Verset 8. c’est Dieu qui juge, il abaisse celui-ci, il élève celui-là.

« Les impies entreprennent de dépouiller Dieu de sa dignité royale ; mais nous en faisons tout autant, nous fidèles, lorsque nous tremblons à leurs menaces » (Calvin). Comp. Ps 7.12, 50.6. L’Éternel appauvrit et enrichit ; il abaisse et il élève (1 S 2.7).

Verset 9. Car dans la main de l’Éternel se trouve une coupe, le vin y écume, plein de mélange ; il en verse et tous les méchants de la terre l’avaleront, en boiront, même la lie.

La coupe de l’Éternel peut être remplie de bienfaits ou de châtiments ; ici le contexte indique que c’est le second sens, comme dans Ps 11.6 ; Ap 14.10. — D’autres traduisent « le vin est rouge » (Kimchi, Rosenmüller). En tout cas il s’agit d’un vin violent et propre à étourdir ceux que l’on veut perdre ; comp. Ps 60.5. On mêlait quelquefois au vin certains ingrédients qui le rendaient plus enivrant, comme la myrrhe. (Comp. Es 5.22 ; Mc 15.23). — « Dieu verse de cette coupe dans tous les siècles, en proportion des péchés des hommes. Mais il reste encore une quantité considérable de cette boisson, mise en réserve pour le jugement final » (Horne).

Verset 10. Mais moi, j’annoncerai à jamais ; je chanterai des psaumes au Dieu de Jacob,

À la fin du premier hémistiche il faut sous-entendre quelque chose : « les jugements de Dieu sur les méchants » (De Wette, Hengstenberg), ou mieux encore : « les œuvres merveilleuses de Dieu » (version chaldéenne, Michaëlis). Comp. Ps 22.23, 40.6.

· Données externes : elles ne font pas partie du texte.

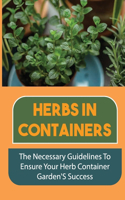 Herbs In Containers
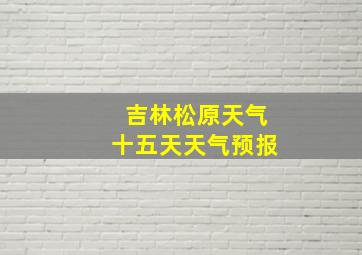 吉林松原天气十五天天气预报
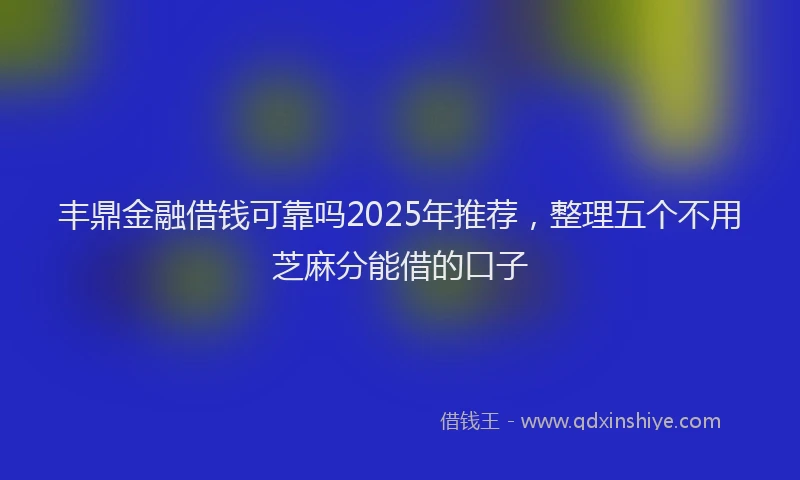 丰鼎金融借钱可靠吗2025年推荐，整理五个不用芝麻分能借的口子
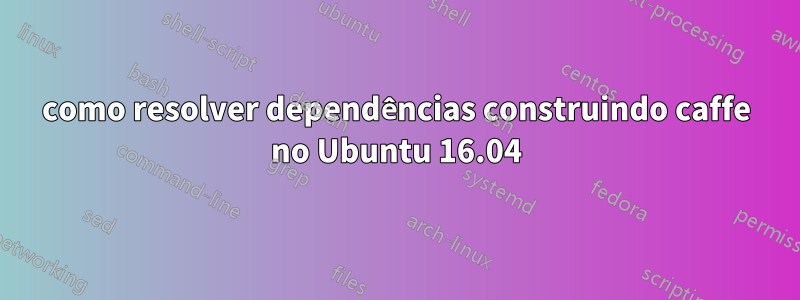 como resolver dependências construindo caffe no Ubuntu 16.04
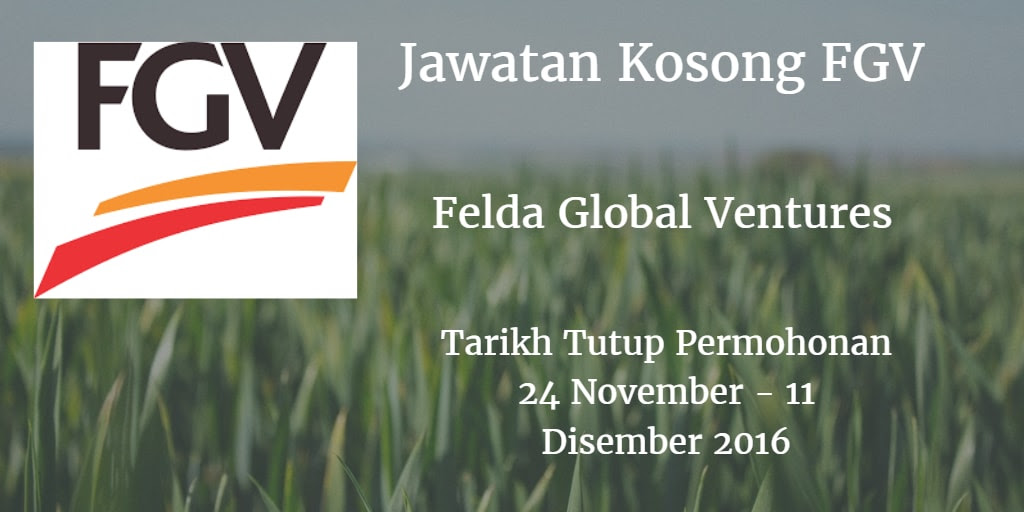  Jawatan Kosong FGV 24 November - 11 Disember 2016
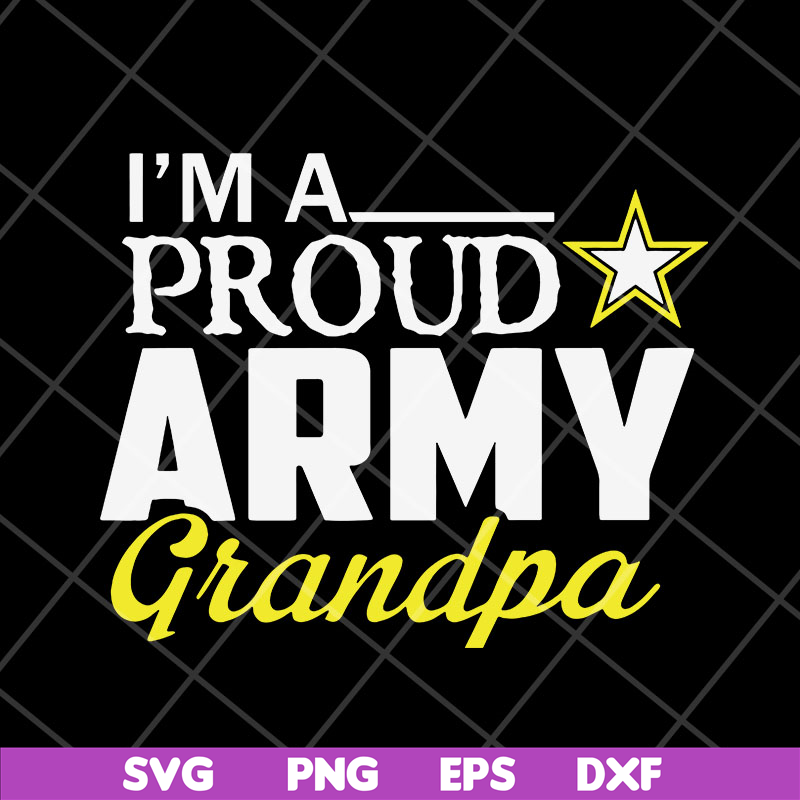 FTD10052112-i-m-a-proud-army-grandpa svg, png, dxf, eps digital file FTD10052112.jpg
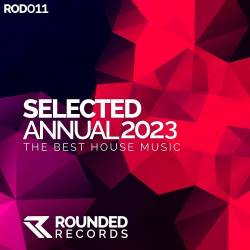 Selected Annual 2023 (2023) - House, Melodic House, Melodic Techno, Tech House, Jackin House, Deep House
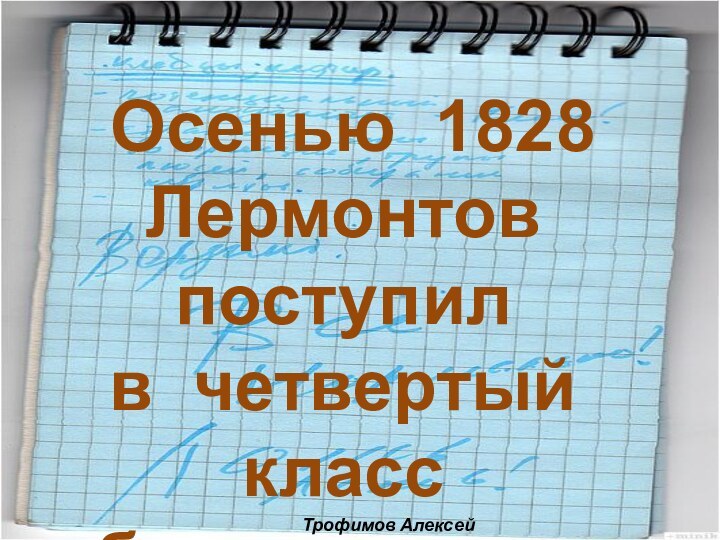 Осенью 1828 Лермонтов поступил в четвертый класс благородного пансиона  и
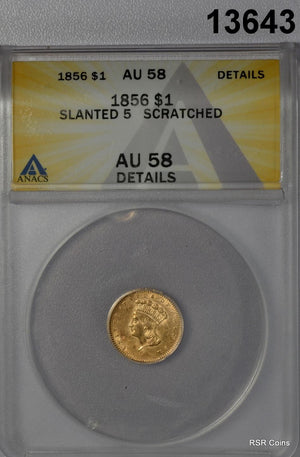 1856 SLANTED 5 $1 GOLD DOLLAR ANACS CERTIFED AU58 SCRATCHED #13643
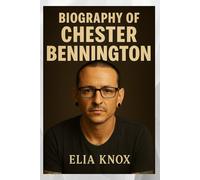 BIOGRAPHY OF CHESTER BENNINGTON: THE VOICE THAT SPOKE FOR THE LOST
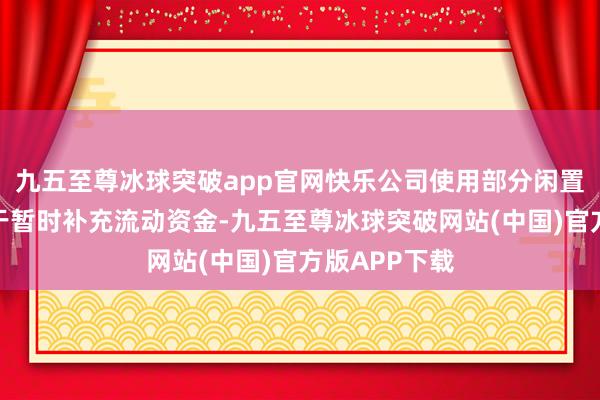 九五至尊冰球突破app官网快乐公司使用部分闲置召募资金用于暂时补充流动资金-九五至尊冰球突破网站(中国)官方版APP下载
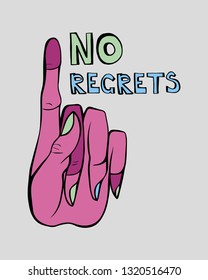 Vector Art Of Pink, Purple Finger, Hand Gesture With Ygreen And Blue Nails. Illustration With Lettering No Regrets For T-shirt Print, Card Or Poster. Surreal Drawing Isolated On Grey Background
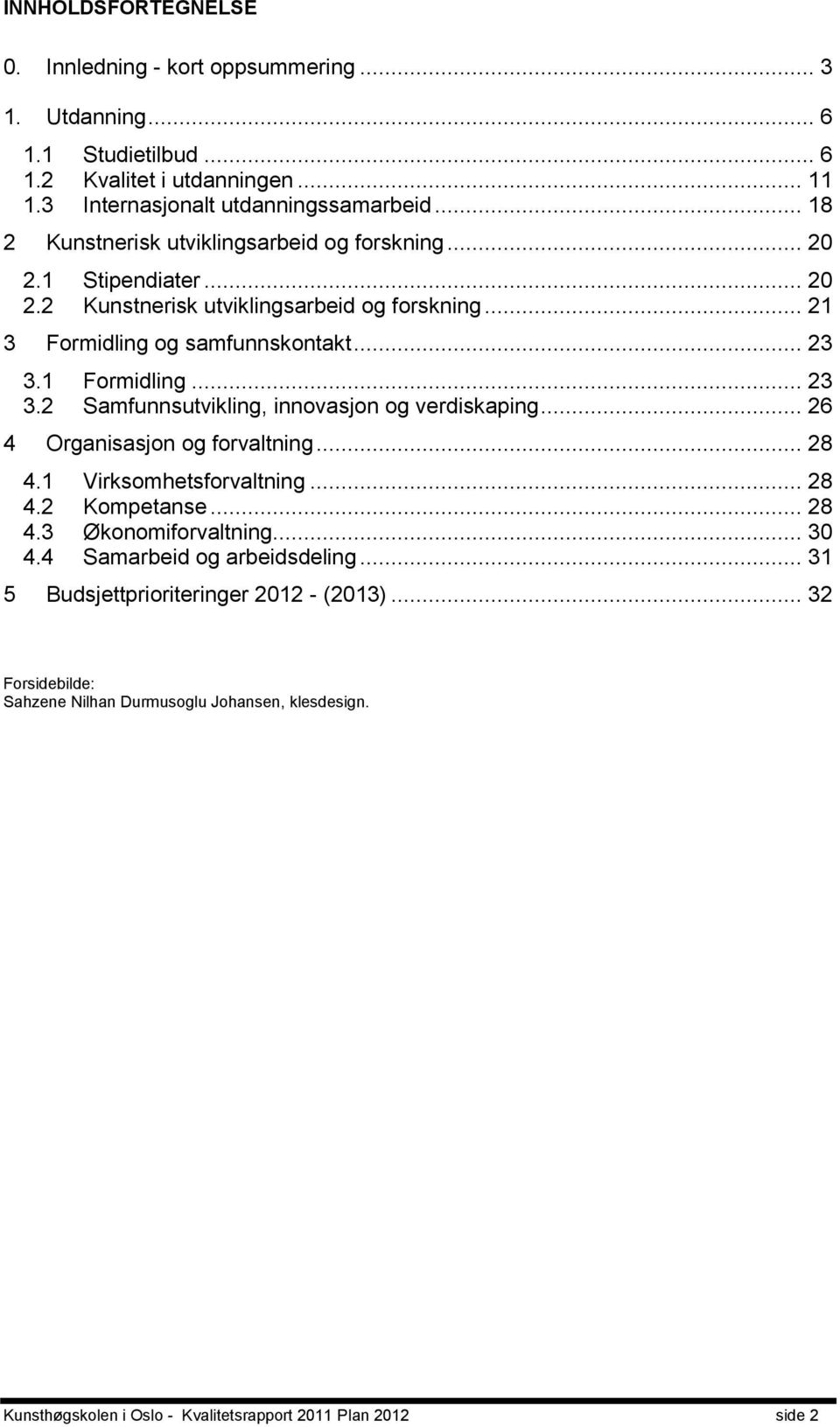 .. 23 3.2 Samfunnsutvikling, innovasjon og verdiskaping... 26 4 Organisasjon og forvaltning... 28 4.1 Virksomhetsforvaltning... 28 4.2 Kompetanse... 28 4.3 Økonomiforvaltning... 30 4.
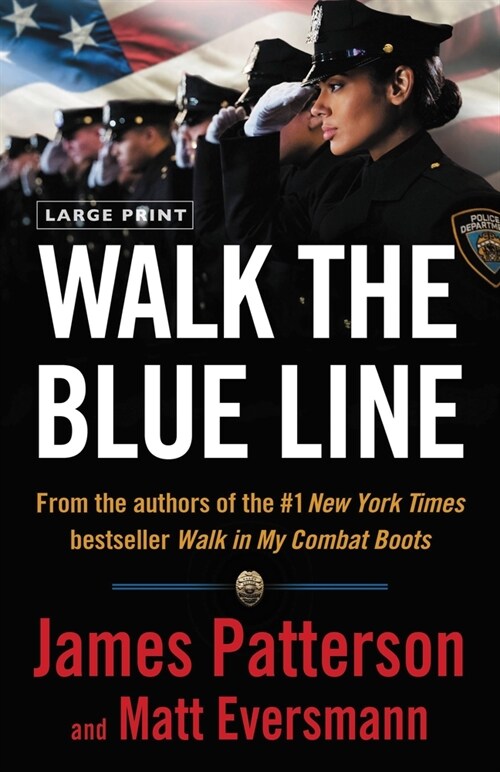 Walk the Blue Line: No Right, No Left--Just Cops Telling Their True Stories to James Patterson. (Paperback)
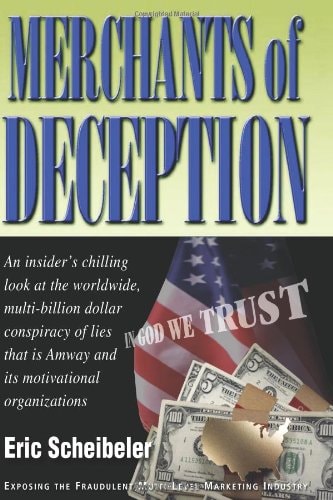 Merchants of Deception: An Insider's Chilling Look at the Worldwide, Multi Billion dollar Conspiracy of lies that is Amway and its Motivational Organizations by Eric Scheibeler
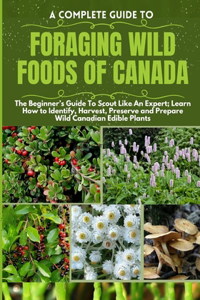 Complete Guide to Foraging Wild Foods of Canada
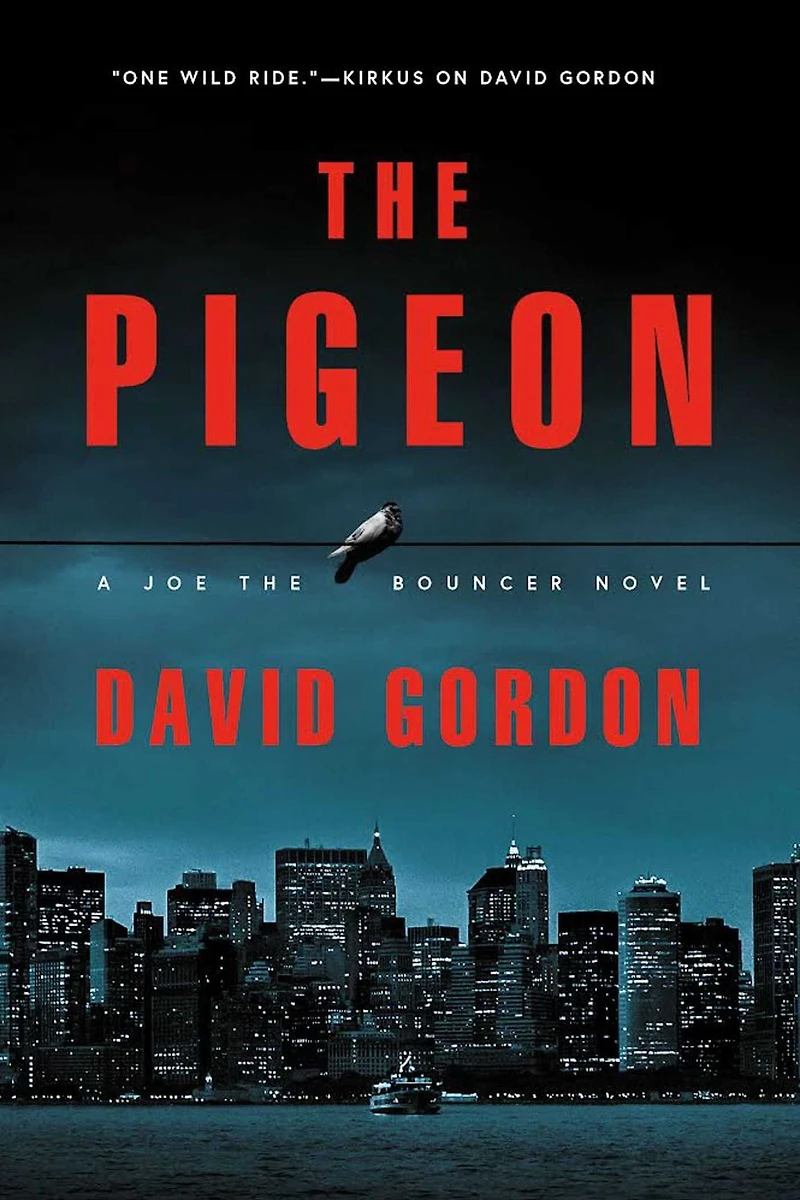 the Pigeon: A Joe Bouncer Novel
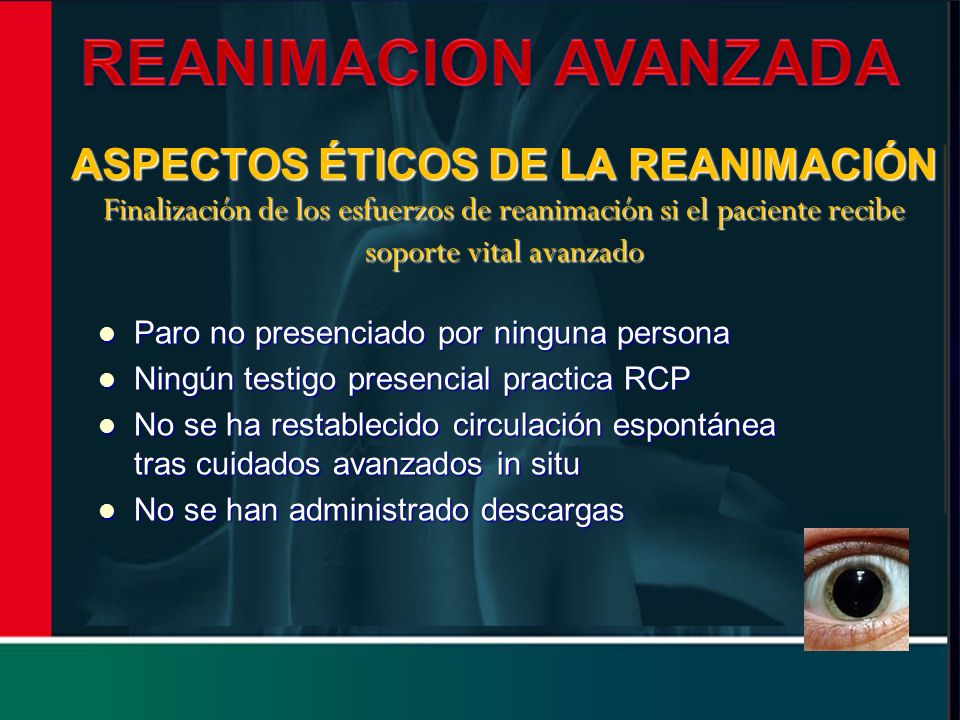 ASPECTOS ÉTICOS DE LA REANIMACIÓN Finalización de los esfuerzos de reanimación si el paciente recibe soporte vital avanzado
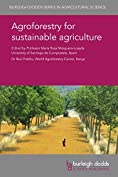 Agroforestry for sustainable agriculture (Burleigh Dodds Series in Agricultural Science Book 55)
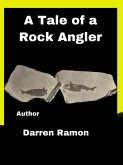 A Tale of a Rock Angler (eBook, ePUB)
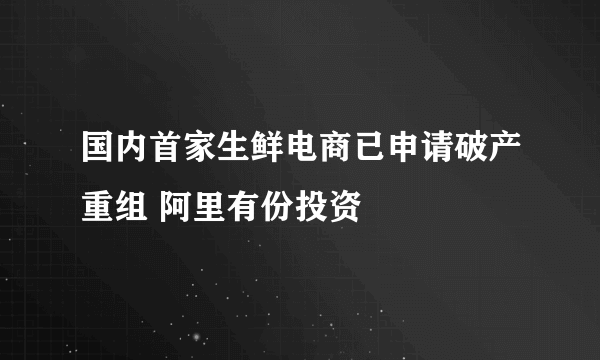 国内首家生鲜电商已申请破产重组 阿里有份投资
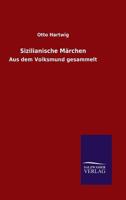 Sizilianische Märchen 3846017701 Book Cover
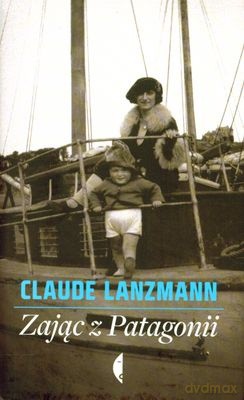 Zając z Patagonii - Lanzmann Claude [KSIĄŻKA]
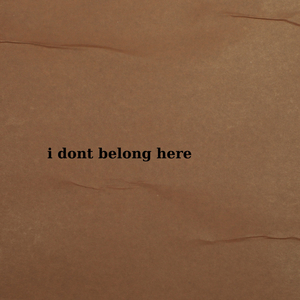 i dont belong here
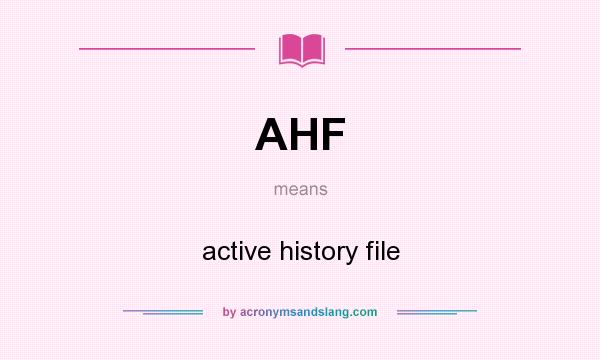 What does AHF mean? It stands for active history file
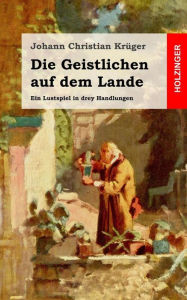 Die Geistlichen auf dem Lande: Ein Lustspiel in drey Handlungen Johann Christian Krüger Author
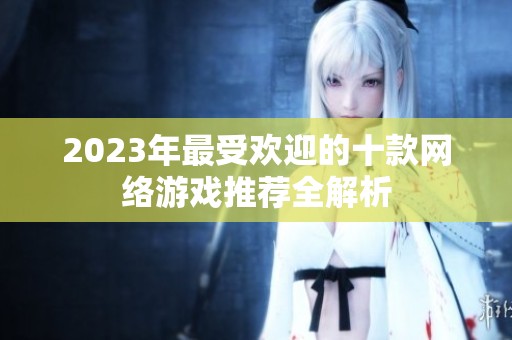 2023年最受欢迎的十款网络游戏推荐全解析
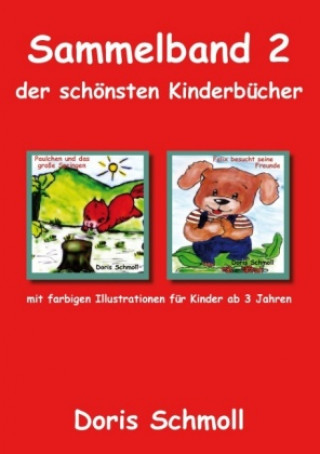 Kniha Sammelband 2 der schönsten Kinderbücher Doris Schmoll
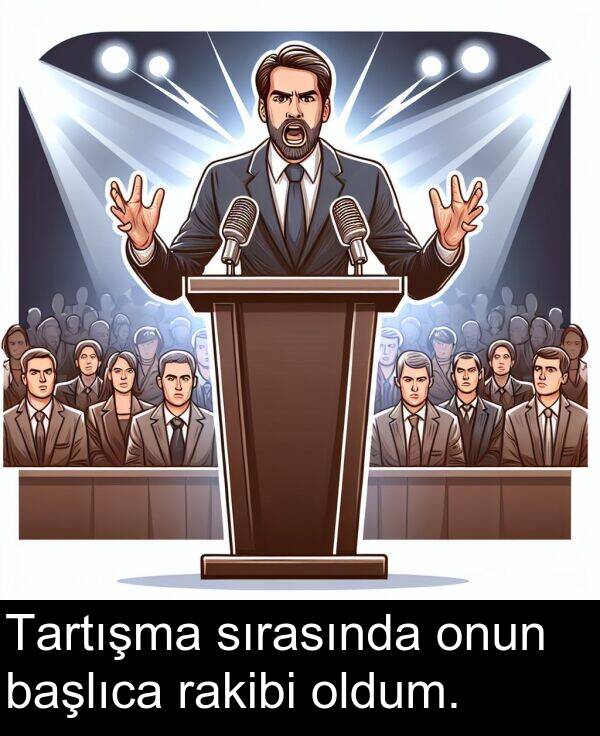 rakibi: Tartışma sırasında onun başlıca rakibi oldum.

Verset 11. et j’abattrai toutes les cornes des méchants ; les cornes des justes se lèveront.

On place généralement ces paroles dans la bouche de Dieu, mais nous préférons y voir la continuation de celles du psalmiste, qui, en vertu de sa dignité royale, avait pour mission de faire régner l’ordre et la justice. Il est probable que la personne qui parle est la même que dans le verset précédent, d’autant plus que ces deux versets sont liés entre eux par la conjonction et. David annonce des résolutions semblables dans Ps 101.8. Un prince pieux trouve dans la considération des jugements de Dieu un puissant encouragement à remplir sa mission.

Pasteur Armand de Mestral, Commentaire sur le livre des Psaumes – Tome 2, p. 40-44


[1] Notre traduction se trouve dans Kimchi, Calvin, version hollandaise et anglaise, Caohen, Hupfeld.